◆ WHAT IS EXPECTED ◆
How do the lines below between the ones holding "Chanel New Travel" and "Blue Topaz Emerald", inclusive, read? Give them again exactly, with no other lines.

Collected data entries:
##########

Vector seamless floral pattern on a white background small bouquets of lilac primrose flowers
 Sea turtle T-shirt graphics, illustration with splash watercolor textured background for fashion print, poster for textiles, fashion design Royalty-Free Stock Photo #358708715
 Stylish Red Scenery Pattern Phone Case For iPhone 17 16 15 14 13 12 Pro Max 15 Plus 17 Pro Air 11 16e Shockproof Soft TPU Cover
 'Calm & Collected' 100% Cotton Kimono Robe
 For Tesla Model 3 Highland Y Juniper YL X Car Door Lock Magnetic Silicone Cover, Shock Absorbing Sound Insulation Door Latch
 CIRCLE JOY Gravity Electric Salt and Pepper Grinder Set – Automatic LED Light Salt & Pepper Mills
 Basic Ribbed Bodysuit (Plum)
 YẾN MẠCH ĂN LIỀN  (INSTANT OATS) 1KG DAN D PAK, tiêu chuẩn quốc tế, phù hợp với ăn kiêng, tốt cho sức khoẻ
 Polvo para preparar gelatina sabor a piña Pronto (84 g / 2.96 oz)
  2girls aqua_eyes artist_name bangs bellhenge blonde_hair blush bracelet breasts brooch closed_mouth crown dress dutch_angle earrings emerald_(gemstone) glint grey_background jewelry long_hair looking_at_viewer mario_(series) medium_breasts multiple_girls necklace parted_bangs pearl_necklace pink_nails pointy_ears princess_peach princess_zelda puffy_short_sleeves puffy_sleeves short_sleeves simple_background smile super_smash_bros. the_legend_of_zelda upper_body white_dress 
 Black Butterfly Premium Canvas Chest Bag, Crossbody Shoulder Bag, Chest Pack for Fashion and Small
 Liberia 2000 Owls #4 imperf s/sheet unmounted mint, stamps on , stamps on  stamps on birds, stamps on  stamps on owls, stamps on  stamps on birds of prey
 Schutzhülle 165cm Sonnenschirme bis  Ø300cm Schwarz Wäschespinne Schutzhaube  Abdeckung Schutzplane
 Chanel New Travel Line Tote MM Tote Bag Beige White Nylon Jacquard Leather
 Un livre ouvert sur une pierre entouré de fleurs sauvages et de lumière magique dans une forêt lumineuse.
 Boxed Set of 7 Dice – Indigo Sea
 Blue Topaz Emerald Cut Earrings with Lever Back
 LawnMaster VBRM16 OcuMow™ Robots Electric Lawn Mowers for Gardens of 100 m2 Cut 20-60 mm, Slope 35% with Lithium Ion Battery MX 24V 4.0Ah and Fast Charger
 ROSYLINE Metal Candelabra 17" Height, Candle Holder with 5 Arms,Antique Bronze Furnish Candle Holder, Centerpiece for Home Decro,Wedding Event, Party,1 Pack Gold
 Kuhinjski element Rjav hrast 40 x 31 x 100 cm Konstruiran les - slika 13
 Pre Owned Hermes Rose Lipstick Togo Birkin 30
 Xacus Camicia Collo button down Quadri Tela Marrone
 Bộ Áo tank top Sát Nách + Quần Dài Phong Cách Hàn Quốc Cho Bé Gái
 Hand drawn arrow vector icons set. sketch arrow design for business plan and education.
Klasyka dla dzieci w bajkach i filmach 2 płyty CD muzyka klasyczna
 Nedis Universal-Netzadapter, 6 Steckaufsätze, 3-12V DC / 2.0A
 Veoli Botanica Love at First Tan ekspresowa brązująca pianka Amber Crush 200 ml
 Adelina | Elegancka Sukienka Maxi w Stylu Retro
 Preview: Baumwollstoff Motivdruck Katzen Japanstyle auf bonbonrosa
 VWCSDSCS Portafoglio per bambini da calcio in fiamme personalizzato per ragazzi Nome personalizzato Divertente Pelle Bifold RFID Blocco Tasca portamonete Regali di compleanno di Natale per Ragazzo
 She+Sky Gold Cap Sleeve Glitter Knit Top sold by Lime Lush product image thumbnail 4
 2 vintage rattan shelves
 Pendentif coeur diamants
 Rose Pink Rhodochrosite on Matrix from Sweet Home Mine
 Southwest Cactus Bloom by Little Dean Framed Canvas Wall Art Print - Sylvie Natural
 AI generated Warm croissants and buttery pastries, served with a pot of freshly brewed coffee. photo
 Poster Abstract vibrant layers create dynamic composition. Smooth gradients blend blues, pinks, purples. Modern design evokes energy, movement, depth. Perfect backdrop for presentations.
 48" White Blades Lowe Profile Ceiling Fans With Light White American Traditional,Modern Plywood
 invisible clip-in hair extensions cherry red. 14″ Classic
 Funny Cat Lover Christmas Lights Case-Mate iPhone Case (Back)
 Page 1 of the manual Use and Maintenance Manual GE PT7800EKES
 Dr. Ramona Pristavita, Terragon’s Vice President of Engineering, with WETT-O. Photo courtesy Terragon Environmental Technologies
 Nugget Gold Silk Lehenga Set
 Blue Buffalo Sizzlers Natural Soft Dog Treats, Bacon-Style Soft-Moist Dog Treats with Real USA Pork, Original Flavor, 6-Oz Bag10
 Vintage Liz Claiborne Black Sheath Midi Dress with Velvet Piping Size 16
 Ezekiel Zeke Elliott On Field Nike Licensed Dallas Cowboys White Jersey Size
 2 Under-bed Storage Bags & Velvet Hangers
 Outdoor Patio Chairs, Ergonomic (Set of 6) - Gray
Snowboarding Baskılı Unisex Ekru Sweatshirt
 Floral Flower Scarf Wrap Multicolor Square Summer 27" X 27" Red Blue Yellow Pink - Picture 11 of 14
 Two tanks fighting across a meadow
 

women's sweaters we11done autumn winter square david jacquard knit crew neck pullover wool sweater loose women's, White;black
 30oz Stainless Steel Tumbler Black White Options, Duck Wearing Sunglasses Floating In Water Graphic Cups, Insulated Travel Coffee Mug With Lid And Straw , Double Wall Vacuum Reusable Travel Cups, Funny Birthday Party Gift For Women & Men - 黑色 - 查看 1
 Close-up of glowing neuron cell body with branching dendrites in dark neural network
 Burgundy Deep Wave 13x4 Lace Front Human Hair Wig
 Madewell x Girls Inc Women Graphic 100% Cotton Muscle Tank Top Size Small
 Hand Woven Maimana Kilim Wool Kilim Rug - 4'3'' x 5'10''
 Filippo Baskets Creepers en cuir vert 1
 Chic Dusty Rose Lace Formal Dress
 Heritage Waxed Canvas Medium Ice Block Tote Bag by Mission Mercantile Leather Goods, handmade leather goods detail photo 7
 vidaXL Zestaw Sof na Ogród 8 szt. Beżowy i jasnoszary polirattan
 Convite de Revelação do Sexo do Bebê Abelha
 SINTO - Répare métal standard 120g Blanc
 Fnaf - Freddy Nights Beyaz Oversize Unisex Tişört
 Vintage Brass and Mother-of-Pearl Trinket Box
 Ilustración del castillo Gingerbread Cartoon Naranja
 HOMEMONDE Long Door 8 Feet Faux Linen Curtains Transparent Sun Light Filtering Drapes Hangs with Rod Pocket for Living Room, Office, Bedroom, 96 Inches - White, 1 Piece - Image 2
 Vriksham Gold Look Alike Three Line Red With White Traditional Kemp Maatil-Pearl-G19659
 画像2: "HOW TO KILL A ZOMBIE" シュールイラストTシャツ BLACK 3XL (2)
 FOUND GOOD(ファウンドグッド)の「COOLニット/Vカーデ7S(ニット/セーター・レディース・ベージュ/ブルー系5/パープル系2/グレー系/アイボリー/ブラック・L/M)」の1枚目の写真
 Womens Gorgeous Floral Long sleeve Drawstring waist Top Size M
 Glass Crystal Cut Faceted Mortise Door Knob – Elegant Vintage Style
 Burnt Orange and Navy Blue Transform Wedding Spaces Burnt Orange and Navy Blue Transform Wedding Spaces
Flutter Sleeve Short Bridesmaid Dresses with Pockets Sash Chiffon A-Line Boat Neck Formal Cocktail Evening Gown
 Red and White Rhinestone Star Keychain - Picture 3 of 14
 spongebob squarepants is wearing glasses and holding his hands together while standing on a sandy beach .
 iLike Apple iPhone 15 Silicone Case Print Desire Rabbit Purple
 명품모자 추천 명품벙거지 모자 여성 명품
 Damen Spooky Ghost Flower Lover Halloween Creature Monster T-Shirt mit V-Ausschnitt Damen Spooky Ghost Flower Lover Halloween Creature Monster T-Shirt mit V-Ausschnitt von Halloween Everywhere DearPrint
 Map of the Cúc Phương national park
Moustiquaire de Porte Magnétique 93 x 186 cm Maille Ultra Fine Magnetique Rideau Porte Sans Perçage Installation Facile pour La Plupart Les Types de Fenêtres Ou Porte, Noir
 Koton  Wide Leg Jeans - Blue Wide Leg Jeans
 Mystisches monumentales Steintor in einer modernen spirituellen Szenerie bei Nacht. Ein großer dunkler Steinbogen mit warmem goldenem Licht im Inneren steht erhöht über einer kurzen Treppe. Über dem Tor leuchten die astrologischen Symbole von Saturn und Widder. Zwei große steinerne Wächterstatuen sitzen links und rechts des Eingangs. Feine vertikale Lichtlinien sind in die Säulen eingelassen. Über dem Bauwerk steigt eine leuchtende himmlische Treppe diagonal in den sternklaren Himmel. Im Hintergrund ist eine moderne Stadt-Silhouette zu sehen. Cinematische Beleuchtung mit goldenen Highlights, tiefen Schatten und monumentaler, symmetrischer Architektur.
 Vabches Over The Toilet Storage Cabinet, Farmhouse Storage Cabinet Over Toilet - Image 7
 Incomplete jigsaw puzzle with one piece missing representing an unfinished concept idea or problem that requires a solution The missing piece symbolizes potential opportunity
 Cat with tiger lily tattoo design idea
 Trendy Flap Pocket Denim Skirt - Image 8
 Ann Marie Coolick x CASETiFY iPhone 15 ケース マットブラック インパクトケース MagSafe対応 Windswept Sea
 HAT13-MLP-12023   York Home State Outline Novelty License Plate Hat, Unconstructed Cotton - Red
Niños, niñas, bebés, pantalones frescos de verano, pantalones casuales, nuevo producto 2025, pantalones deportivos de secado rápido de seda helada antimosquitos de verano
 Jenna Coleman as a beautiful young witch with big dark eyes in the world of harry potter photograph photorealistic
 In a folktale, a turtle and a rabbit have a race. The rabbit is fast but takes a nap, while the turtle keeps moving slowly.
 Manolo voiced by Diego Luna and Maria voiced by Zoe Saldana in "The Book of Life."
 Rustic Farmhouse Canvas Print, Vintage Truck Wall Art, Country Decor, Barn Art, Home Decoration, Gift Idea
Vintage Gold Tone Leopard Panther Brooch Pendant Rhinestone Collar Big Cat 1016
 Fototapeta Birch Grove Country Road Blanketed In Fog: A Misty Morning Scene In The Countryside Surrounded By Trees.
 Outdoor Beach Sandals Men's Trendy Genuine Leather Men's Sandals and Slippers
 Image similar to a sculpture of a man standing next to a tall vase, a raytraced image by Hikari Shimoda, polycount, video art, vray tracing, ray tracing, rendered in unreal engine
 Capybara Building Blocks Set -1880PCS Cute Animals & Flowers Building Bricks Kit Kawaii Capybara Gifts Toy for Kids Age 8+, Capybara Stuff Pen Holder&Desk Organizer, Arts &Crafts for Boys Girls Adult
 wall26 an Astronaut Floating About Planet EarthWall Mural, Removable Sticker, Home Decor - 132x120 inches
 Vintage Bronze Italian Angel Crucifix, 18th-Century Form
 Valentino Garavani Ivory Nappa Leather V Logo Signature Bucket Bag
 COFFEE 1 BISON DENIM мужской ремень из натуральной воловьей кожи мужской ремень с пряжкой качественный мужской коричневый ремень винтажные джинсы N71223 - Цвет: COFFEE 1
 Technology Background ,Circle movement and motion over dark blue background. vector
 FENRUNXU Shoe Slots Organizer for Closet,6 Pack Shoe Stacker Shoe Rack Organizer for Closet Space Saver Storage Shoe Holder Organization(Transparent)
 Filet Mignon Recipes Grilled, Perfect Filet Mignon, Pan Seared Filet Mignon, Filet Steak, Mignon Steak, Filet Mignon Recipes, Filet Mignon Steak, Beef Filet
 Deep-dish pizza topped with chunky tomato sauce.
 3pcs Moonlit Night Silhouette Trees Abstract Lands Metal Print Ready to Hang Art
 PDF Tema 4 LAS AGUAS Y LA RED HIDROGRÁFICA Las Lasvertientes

##########

◆ REPLY TO THE TASK ◆
 Chanel New Travel Line Tote MM Tote Bag Beige White Nylon Jacquard Leather
 Un livre ouvert sur une pierre entouré de fleurs sauvages et de lumière magique dans une forêt lumineuse.
 Boxed Set of 7 Dice – Indigo Sea
 Blue Topaz Emerald Cut Earrings with Lever Back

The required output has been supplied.